Agora chegou o momento de todos aqueles que se lamentavam por a chuva não ter ainda chegado em força passarem a lamentar a lama, os mosquitos e, claro, a própria chuva.

12 junho 2009

Arcas

Sempre adorei malas de lata que associo a sotãos e a longas viagens de barco, em tempos idos. Pois bem, vim encontrá-las em Bissau, transformadas em objectos decorativos. Dado o pouco artesanato local existente, elas resplandecem à beira da estrada do aeroporto. São feitas por artesãos imigrados e, se conseguirmos explicar-nos, podem mesmo ser feitas por medida. Mesmo com recurso a papel pode não ser tarefa fácil.

Na minha família elas são o sucedâneo da arquinha da minha infância onde eu guardava os fatos das bonecas, primorosamente feitos pela minha mãe, e onde agora residem os meus mapas de viagem. As filhas ainda tiveram umas, feitas por um artesão já bem idoso com oficina no Chiado, mas as netas, de acordo com os tempos de multiculturalidade e globalização, tiveram direito a algo mais exótico.

06 junho 2009

Fruta

Estamos em pleno apogeu da fruta, uma verdadeira orgia ao longo dos passeios do centro de Bissau. As vendedeiras, estrategicamente colocadas, são minhas conhecidas de há muitos anos, chamam-me pelo nome mal me avistam . Para uma delas sou a Heleninha e é especialmente engraçado ouvi-la ao longe ...

Para quem goste de frutos tropicais a Guiné-Bissau é o paraíso porque eles têm aqui um sabor inegualável. As mangas (mangos como aqui se diz), em especial, parecem um outro fruto quando comparadas com aquilo que se vende em Portugal e a que se dá o mesmo nome. Mango de faca, fernandinhos, mango de terra, mango da Índia, são algumas das espécies.

E imginem que há quem compre, à peça, maçãs de aviário, importadas, daquelas em que nem toco em Portugal. Como se pode ter saudades de tal produto?

Tenho planeada para um serão desta semana, uma sessão de cozinhados com uma amiga, para fazermos chutney de manga. Darei aqui conta do resultado.

Nas fotos, de cima para baixo: muitas e variadas, jaca com companhia, abacates, fruta-pinha, papaias, fole e papaias, mangos de faca.

05 junho 2009

Chuva?

A tal chuva que veio na hora marcada desapareceu desde então. O calor é abrasador e a humidade é tanta que até parece ver-se no ar.
Entretanto, espera-se que reapareça em Bissau já que há notícias dela no interior.
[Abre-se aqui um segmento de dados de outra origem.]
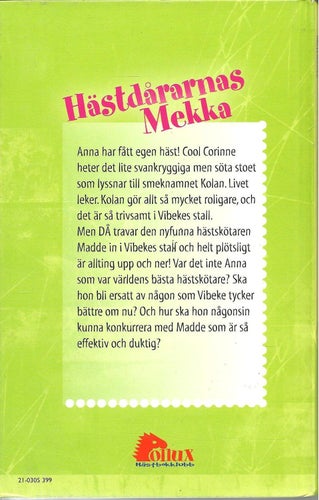 Hästdårarnas Mekka - Martina Eberhard - Pollux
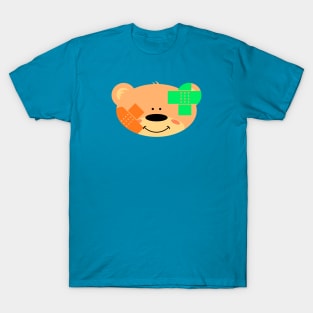 Teddy bear with Band Aid T-Shirt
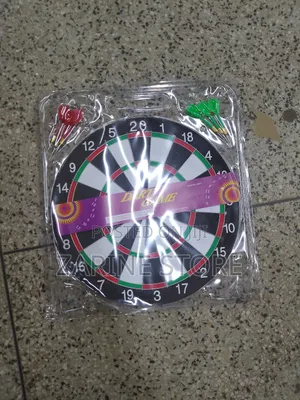 Dart Board Game With Playing Darts Board Game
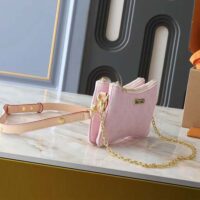 Louis Vuitton LV Women Liv Pochette monogram Denim-Pink M14159 (1)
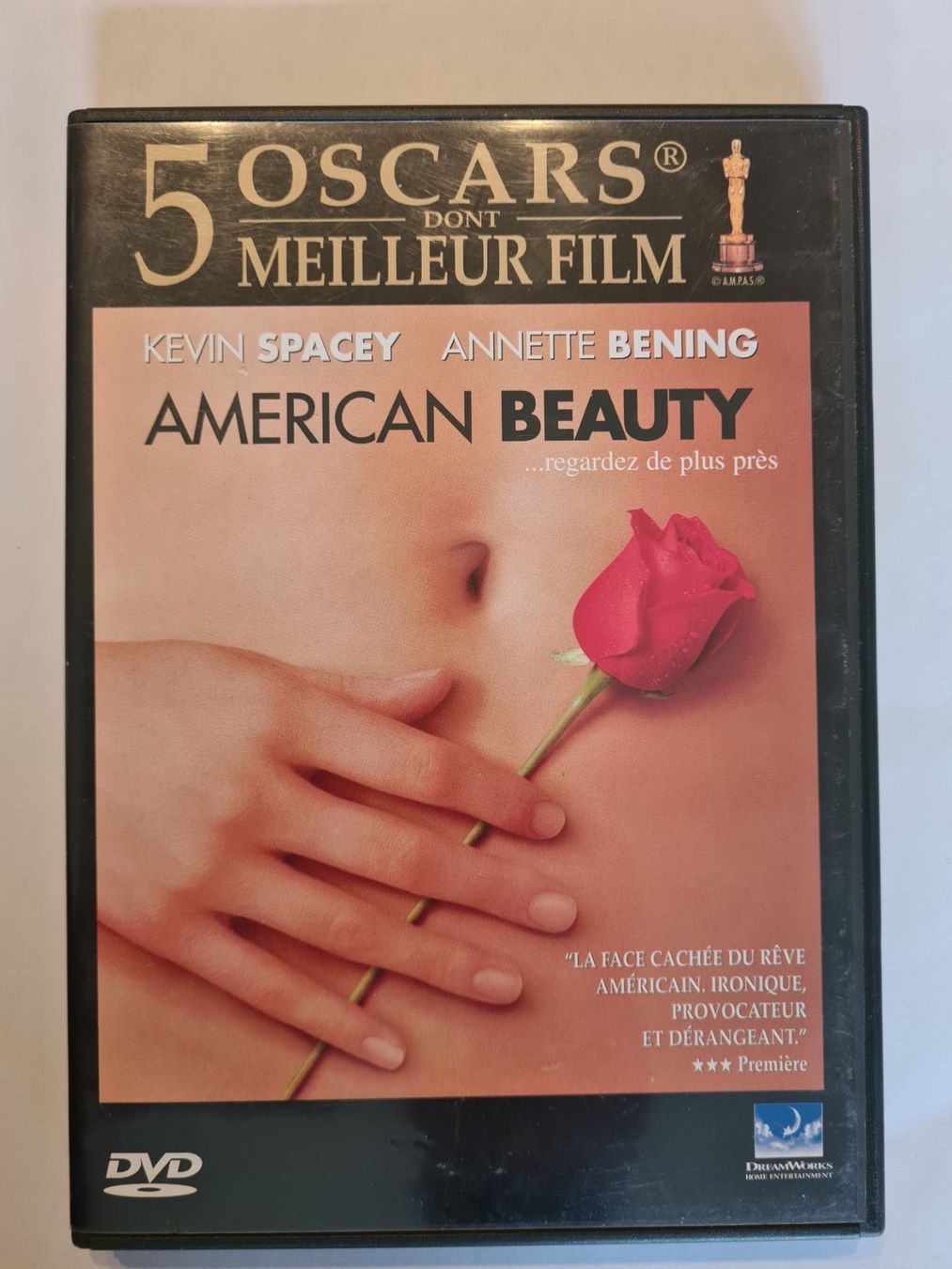 Tutti i DVDs: DVD American Beauty 5 Oscars - Excellent état – Usato da Tavannes venduto da Xeney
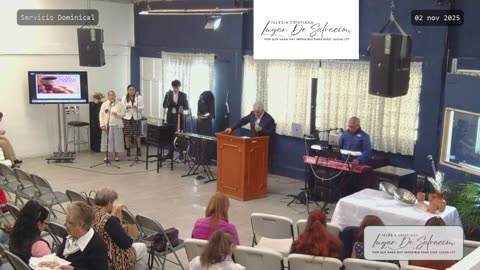 Servicio dominical 20251102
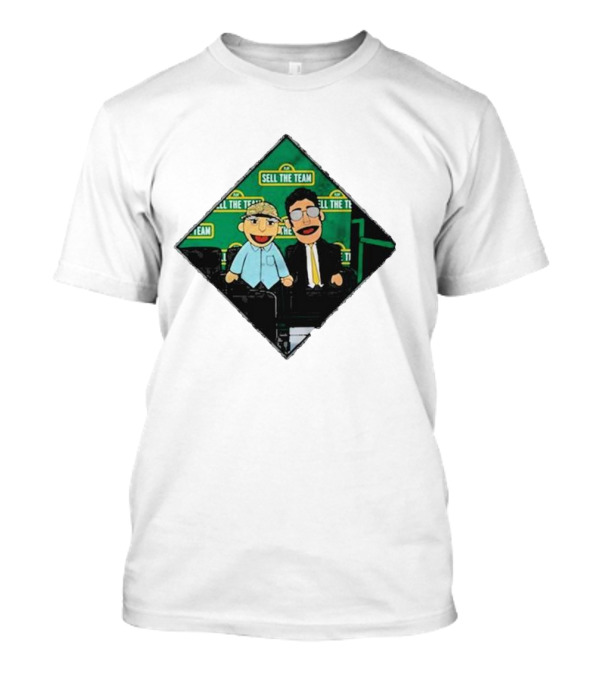 Last Dive Bar Sell The Team Street Puppets Iconic Parody Scene T-Shirt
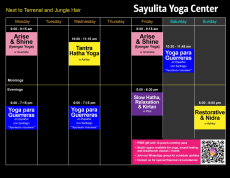 Sayulita Yoga Center in Sayulita Mexico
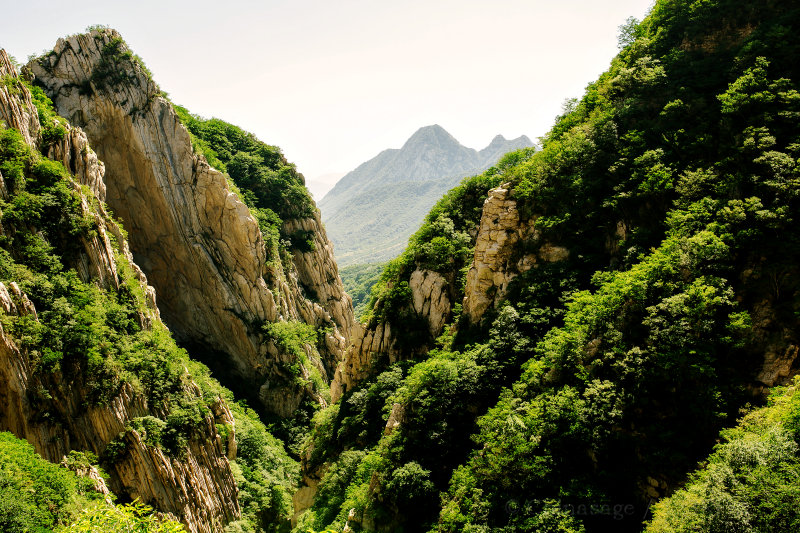 Songshan, Henan, scenery, mountain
Sabe-se que não tarda, que deve estar ali mesmo, ao virar da esquina.

03 junho 2009

Jaquim Doido

Fotografia retirada daqui
Parece que o nome é mesmo crycetomis gambianus e que se trata de uma espécie de rato oriundo da África sub-sariana, mais especificamente da Gâmbia que lhe ficou agarrada ao nome. Trata-se de um rato gigante, com cerca de 1,5 kg, que se tornou célebre quando passou a ser utilizado na detecção de minas em Moçambique. Muito mais leve do que o cão, o que evita o rebentamento, consegue como ele detectar a localização da mina anti-pessoal permitindo rendibilizar o trabalho dos técnicos altamente especializados e pagos a peso de ouro. É só preciso treiná-lo para tal.
Por aqui a sua popularidade deriva de coisa bem mais divertida, embora relacionada, e o seu nome transforma-se em conformidade para Jaquim Doido.
Naquele dia de compras no recém-descoberto mercado do Bairro Militar, havia risos e correrias nervosas à volta de um buraco, no fundo do qual um rapazinho tentava pôr a descoberto um Jaquim Doido que teimava em não aparecer. Havia nervoseira no ar pois trata-se de animal que carrega consigo uma história empolgante. Dizem todos que ele rouba objectos, no que segundo penso não é original já que noutras paragens se conta o mesmo das pegas.
Só que neste caso há hipótese de recuperarmos os haveres se embebedarmos o ladrão. Garantem-me que ele (seguramente aos tombos e talvez às gargalhadas) vai à cova onde os guardou e simpaticamente desenterra-os para bem de todos.
Só falta saber como se embebeda o animal se, naquele dia, estava a ser tão difícil apanhá-lo.